WHAT THE EXERCISE ASKS
Within the records below is a range that opens at the line with "Votantes de EU" and closes at the line with "Building Photo - Pet". Return that range word for word, both ends included, and only that range.

[[ MATERIAL FOR THE TASK, beginning ]]

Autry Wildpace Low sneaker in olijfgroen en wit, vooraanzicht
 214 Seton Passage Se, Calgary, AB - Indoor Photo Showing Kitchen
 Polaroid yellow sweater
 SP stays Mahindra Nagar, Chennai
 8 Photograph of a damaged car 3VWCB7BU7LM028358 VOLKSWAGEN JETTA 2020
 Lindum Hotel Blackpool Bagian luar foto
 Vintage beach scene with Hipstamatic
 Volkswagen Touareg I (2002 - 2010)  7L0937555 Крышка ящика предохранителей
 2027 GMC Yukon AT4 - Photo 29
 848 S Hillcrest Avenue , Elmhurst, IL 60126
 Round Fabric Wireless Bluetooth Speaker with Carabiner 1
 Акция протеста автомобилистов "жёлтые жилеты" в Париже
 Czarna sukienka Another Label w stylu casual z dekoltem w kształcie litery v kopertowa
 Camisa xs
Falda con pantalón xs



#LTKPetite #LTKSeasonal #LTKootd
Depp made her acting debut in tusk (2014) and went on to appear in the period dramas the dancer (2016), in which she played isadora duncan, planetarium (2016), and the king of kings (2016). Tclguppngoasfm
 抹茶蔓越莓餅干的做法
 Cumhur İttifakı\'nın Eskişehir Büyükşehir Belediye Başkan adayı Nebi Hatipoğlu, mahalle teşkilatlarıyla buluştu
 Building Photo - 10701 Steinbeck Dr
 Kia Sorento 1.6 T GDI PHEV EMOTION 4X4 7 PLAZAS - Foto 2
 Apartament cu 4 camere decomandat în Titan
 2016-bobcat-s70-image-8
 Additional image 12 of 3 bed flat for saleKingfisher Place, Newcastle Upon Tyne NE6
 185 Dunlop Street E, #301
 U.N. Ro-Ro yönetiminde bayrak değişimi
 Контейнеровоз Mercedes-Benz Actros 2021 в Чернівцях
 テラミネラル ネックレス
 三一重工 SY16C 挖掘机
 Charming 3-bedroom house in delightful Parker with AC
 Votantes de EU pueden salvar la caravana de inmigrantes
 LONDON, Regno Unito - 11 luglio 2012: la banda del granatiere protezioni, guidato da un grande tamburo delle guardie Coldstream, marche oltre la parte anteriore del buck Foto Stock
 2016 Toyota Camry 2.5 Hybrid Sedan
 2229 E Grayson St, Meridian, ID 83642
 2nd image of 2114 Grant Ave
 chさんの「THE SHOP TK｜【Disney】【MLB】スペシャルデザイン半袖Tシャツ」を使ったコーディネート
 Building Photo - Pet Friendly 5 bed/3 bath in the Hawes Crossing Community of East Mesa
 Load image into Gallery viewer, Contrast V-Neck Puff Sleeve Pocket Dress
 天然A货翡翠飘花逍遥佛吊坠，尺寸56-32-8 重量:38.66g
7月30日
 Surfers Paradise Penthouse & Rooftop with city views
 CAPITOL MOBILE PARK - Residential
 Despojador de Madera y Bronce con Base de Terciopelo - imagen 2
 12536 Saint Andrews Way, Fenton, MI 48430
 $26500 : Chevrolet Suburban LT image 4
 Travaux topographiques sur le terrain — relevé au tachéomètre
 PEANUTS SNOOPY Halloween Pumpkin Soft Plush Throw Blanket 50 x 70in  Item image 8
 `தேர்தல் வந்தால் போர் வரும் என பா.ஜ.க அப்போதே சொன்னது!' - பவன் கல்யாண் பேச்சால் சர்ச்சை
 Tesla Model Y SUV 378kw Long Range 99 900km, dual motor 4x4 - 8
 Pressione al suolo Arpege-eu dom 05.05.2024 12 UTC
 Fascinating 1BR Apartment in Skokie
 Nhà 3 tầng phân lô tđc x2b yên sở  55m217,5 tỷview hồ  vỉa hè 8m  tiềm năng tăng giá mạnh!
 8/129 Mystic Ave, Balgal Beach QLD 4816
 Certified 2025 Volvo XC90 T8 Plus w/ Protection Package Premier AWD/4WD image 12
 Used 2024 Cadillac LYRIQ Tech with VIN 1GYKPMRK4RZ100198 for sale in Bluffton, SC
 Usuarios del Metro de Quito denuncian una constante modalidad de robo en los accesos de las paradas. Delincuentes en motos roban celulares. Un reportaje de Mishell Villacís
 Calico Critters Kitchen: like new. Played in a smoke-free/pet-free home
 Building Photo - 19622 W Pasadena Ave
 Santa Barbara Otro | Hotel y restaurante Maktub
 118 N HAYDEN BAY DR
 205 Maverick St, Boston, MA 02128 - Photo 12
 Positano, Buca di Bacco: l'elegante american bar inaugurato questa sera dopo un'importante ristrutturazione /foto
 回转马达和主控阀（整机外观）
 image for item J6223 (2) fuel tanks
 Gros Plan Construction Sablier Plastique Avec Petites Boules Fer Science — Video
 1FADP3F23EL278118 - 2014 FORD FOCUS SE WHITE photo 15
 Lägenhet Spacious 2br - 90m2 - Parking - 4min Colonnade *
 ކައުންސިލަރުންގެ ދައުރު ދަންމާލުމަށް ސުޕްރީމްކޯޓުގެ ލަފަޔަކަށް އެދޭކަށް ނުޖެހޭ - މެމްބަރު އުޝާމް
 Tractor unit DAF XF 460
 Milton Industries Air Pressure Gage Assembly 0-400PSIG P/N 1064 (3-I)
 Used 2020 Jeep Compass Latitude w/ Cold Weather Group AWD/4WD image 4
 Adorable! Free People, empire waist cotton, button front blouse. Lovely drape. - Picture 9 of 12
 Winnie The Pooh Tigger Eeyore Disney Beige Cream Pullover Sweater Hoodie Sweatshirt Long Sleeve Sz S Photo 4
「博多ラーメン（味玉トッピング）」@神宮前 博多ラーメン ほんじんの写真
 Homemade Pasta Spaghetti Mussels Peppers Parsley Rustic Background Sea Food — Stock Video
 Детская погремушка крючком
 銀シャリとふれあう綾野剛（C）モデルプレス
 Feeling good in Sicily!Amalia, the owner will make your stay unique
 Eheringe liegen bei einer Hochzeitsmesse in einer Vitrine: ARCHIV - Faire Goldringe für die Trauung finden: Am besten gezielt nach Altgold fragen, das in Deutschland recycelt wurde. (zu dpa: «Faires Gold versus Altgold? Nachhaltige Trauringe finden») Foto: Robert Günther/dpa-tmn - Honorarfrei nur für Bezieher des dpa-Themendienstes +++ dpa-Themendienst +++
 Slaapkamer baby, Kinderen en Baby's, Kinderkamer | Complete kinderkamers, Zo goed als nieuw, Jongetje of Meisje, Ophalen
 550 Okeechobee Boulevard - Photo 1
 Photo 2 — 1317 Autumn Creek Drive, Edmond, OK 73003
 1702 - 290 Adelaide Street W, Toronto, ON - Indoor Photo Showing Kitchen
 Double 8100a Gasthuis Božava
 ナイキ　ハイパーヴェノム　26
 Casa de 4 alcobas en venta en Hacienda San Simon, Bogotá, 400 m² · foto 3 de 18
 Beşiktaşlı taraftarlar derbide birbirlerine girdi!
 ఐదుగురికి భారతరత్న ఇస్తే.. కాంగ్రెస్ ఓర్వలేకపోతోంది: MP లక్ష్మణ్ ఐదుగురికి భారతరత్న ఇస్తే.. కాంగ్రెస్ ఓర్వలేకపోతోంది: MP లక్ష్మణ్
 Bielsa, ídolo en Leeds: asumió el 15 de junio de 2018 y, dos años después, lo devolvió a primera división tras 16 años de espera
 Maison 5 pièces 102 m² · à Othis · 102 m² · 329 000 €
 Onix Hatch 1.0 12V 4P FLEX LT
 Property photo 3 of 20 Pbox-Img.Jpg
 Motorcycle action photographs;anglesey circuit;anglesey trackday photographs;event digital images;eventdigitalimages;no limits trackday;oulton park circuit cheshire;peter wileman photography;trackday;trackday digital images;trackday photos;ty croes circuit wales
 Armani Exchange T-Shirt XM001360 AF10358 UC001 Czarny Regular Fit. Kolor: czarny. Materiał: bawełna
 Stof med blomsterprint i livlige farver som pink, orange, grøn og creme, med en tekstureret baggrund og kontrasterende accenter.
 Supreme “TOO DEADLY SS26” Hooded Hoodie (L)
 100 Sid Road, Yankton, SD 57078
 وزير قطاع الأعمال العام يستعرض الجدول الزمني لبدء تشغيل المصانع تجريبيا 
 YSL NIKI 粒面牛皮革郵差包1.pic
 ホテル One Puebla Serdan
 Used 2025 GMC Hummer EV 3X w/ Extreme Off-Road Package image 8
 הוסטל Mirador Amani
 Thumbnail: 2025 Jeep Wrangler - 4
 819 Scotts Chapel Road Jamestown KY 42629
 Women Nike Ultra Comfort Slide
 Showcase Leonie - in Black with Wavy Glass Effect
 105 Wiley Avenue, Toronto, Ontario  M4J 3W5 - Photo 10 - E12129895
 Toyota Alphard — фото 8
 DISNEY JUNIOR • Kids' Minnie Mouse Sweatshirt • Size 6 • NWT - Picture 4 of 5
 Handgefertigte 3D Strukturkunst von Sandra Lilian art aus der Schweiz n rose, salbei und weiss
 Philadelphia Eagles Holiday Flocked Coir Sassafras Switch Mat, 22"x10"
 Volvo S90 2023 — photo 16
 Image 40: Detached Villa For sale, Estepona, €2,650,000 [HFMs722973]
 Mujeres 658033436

[[ MATERIAL FOR THE TASK, end ]]

EXERCISE ANSWER
 Votantes de EU pueden salvar la caravana de inmigrantes
 LONDON, Regno Unito - 11 luglio 2012: la banda del granatiere protezioni, guidato da un grande tamburo delle guardie Coldstream, marche oltre la parte anteriore del buck Foto Stock
 2016 Toyota Camry 2.5 Hybrid Sedan
 2229 E Grayson St, Meridian, ID 83642
 2nd image of 2114 Grant Ave
 chさんの「THE SHOP TK｜【Disney】【MLB】スペシャルデザイン半袖Tシャツ」を使ったコーディネート
 Building Photo - Pet Friendly 5 bed/3 bath in the Hawes Crossing Community of East Mesa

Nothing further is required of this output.